31) Click here for the recent historical audio of the Aussie Debt Bailout talk at the Open Forum on 24.11.2021


32) As a doctor I currently have some 50 very valuable negotiable promissory note type invited invoices that a corruptly run contemptible NSW government department, which is populated (“two thirds” majority) by contracted obsolete moribund dinosaurs and defiantly in MHA sections 68e, CCA 4+45 breach, and has got themselves in the pooh and has made comprehensive section 17.3 admissions whilst working hard over 35 years faking a fictitious defence to fool the court, has invited me to serve on them from February 2020 to December 2021 so that they could make donations of money. The said government department keeps inviting me to serve these ever increasing invoices fortnightly as it is the cheaper of three options available to them rather than admitting they have no defence.

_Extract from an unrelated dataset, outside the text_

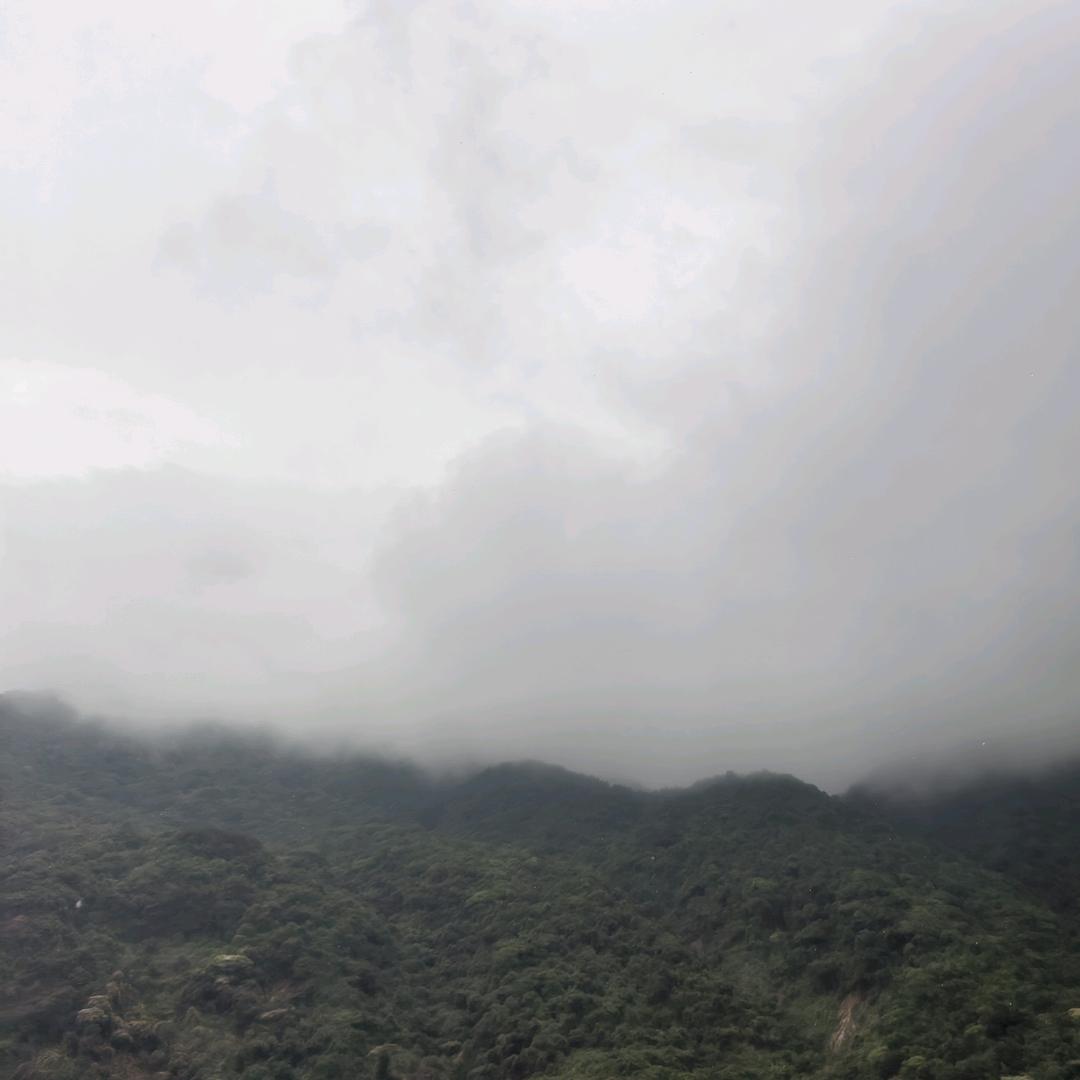 月下追逐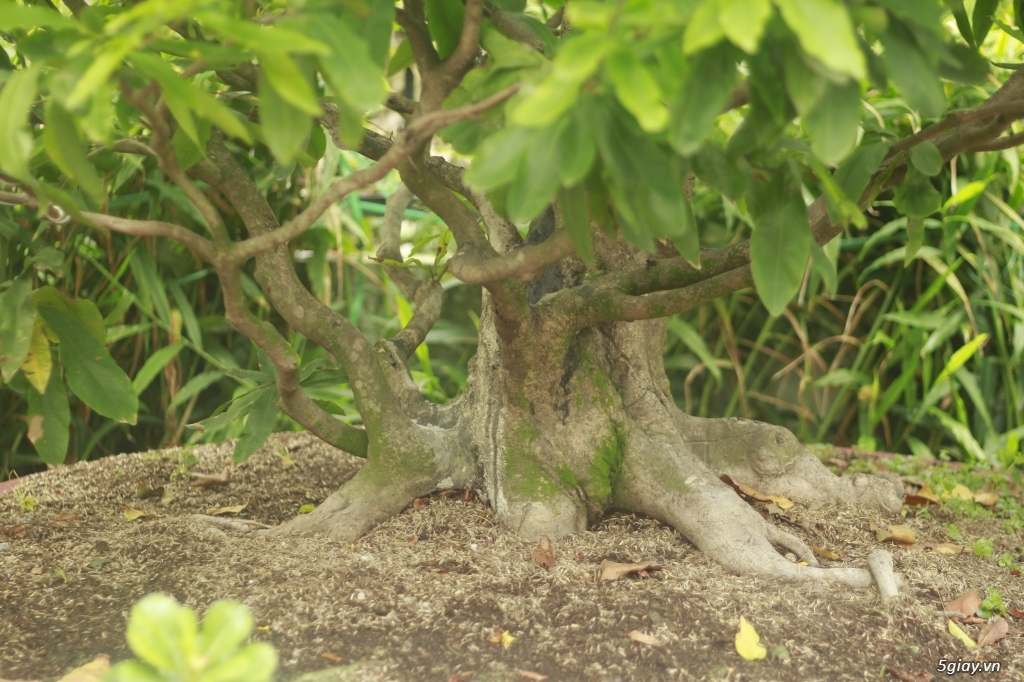 Vườn mai vàng 6 HƯNG...bán,cho thuê mai vàng chưng tết! - 4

33) The negotiable invoices range in face value from $200,000 to $3,900,000. I am happy to let any of them go for only 15% of their face value (i.e $30,000 to $585,000). With the assistance of a good solicitor or accountant you, or a friend, can use the higher value ones to buy a property etc for effectively only 15% of a vendor’s asking price by using them as legal tender currency to settle a purchase. Please contact me if you would like to acquire one or more of these invited invoices for only 15% face value.

34) Click here for a summary of 16 life improvement options for those who might be interested in some more items.

    35) Prof’ St Dr David G Murphy

    Investor by an Order of the Supreme Court, Funds Owner and Law Therapist, CCP Lienor and Liquidator: Lieniquidator.

    Scion and Heir Successor to the Revolution

    Asherah Magdalene Common Law Reserves Temple Charitybank

    Chairperson STAAG, Sydney Treatment Alternatives Advocacy Group,

    CEO Midwest Research (SCWL) Australasia

    Sydney, Australia

    (+61) 419 605 365, 0419 605 365

    My default attendance fee details if separately, vexatiously or improperly baited, lured or retained.